出生数最小を更新 自然減も最大幅

2018年09月16日 11:39

画・出生数最小を更新 自然減も最大幅

厚生労働省が発表した人口動態統計によれば、2017年の出生数は過去最少の94万6千人となった。今後は女性が働きながらの子育てをしやすい環境づくりのために知恵を絞るべきだろう。

 厚生労働省が発表した人口動態統計によれば、2017年の出生数は過去最少の94万6千人となった。これで出生数は2年連続で100万人を下回り、1人の女性が生涯中に産む子供の数を示す合計特殊出生率も16年を0.01ポイント下がって1.43であった。

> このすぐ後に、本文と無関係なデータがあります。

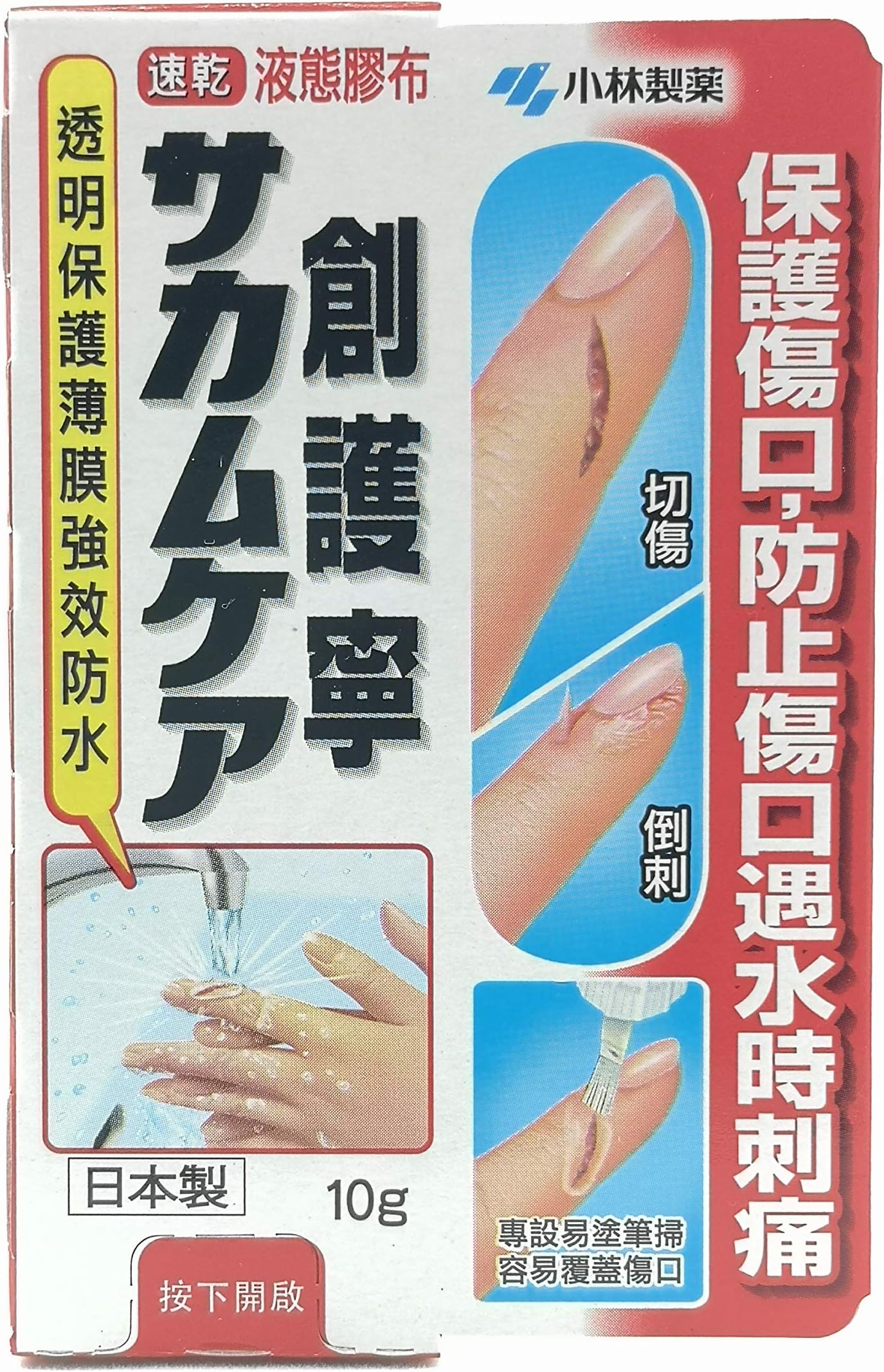 Sakamukea Liquid Bandage 10g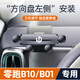 怡發(fā)2025款零跑B10/B01車載手機(jī)支架汽車左側(cè)導(dǎo)航支撐固定架改裝飾品 零跑專用【磨砂黑】 25款零跑B10/B01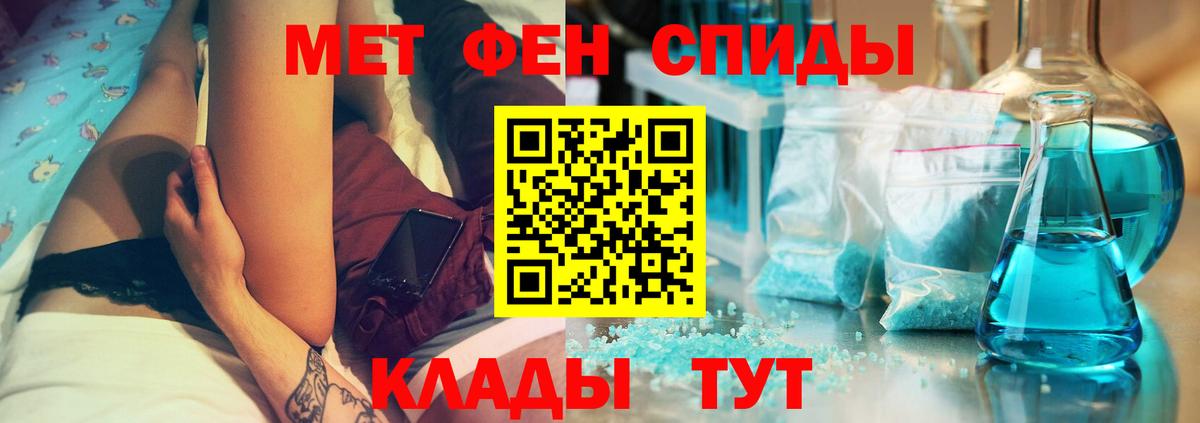 АМФЕТАМИН  АМФ VHQ  Вход с VPN  АМФЕТАМИН  Тайшет 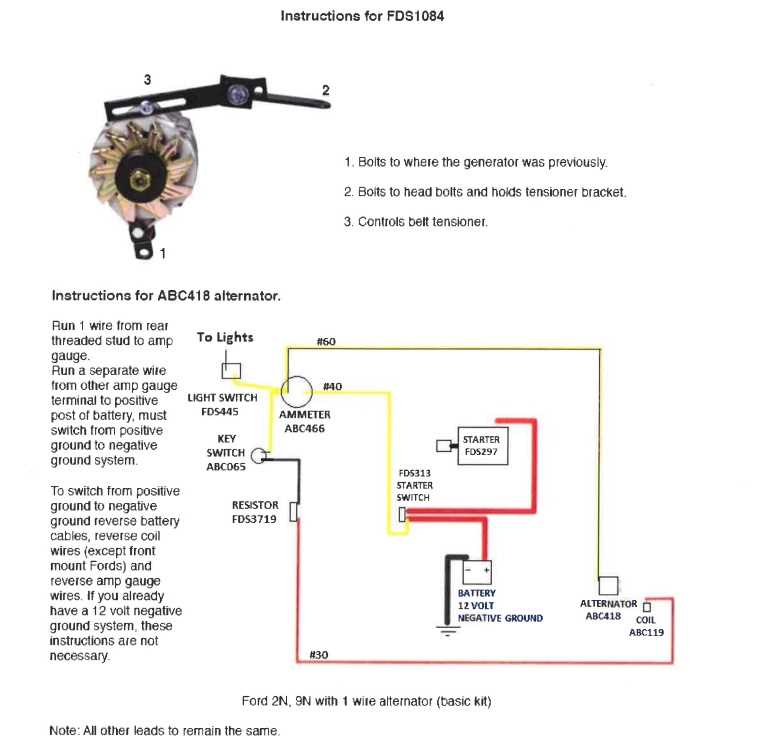 12 volt alternator wiring diagram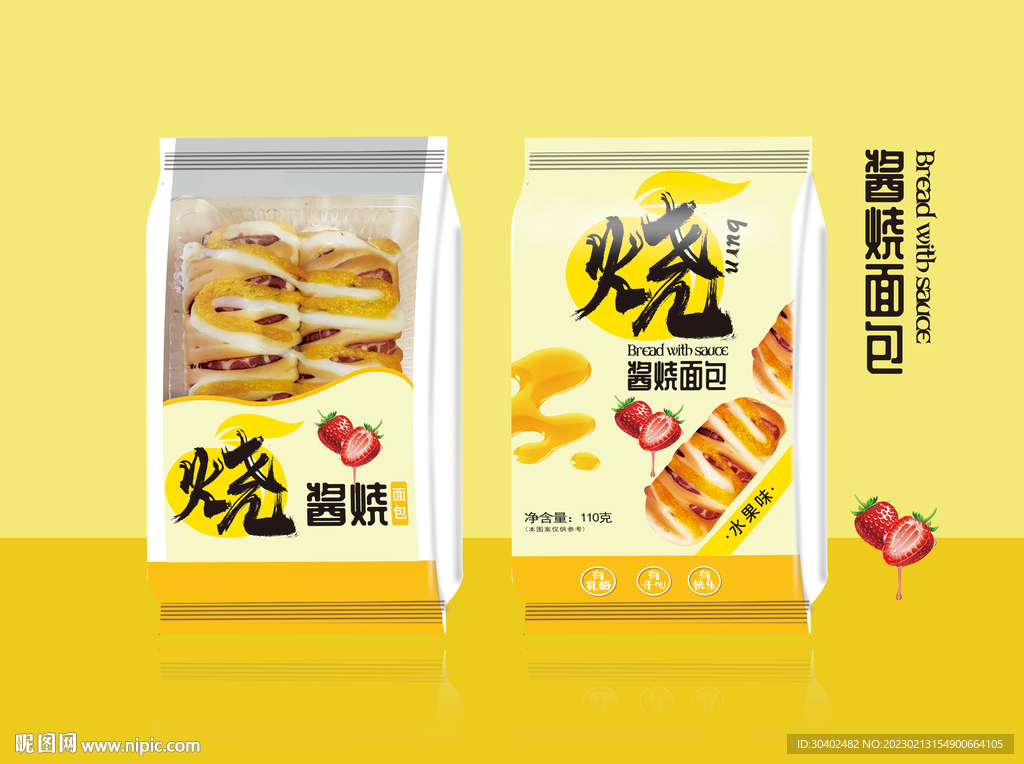 面包包装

 出生率が下がる一方で死亡数は増加の一歩をたどっている。高齢化が進んでいるのがその主な原因だ。17年の死亡数は134万人を超え戦後最高を記録した。出生数から死亡数を差し引いた自然減も40万人に迫る勢いで過去最大の下げ幅を記録している。戦後2回到来したベビーブーム以後は出生数の減少が続き、07年以降は自然減が続いている状態だ。1973年前後に到来した第二次ベビーブームで生まれた世代も今では45歳前後の年齢となり、今後出生率が大幅に上昇することも期待することは難しいだろう。

 こうした人口減の影響を特に受けているのが地方都市だ。内閣府の示す資料によれば、東京圏、大阪圏、名古屋圏に流入する人口はここ数十年でそれほど変化がなく、東京圏に住む若者の比率はここ40年で緩やかに上昇を続け、2010年代に入ってからはおよそ30パーセントを維持している。つまり人口減少に歯止めがかからない一方で、多くの若者が地方から都市圏へ流入しているのだ。特に若い女性が東京圏や他の都市圏に流入することで人口減が加速していると考えられる。都市圏に働くために地方から移住してきた女性は出産や育児のために離職するのをためらう傾向がある。地方ではいよいよ人口減が進み、その一方で都市圏の出生率も上がらないという負の連鎖が続いているのだ。

 とはいえ暗いニュースばかりではない。あるサイトが実施した働く女性700人を対象にした調査によれば、働く女性の約6割は子供が欲しいと思っているとのことだ。つまり環境さえ整えば出生率が高まることも考えられる。育児休暇の充実、男性の育児への協力、出産・育児後の復職のしやすさなど環境は整いつつあるが、より一層働きながらの子育てをしやすい環境づくりのために知恵を絞るべきだろう。(編集担当:久保田雄城)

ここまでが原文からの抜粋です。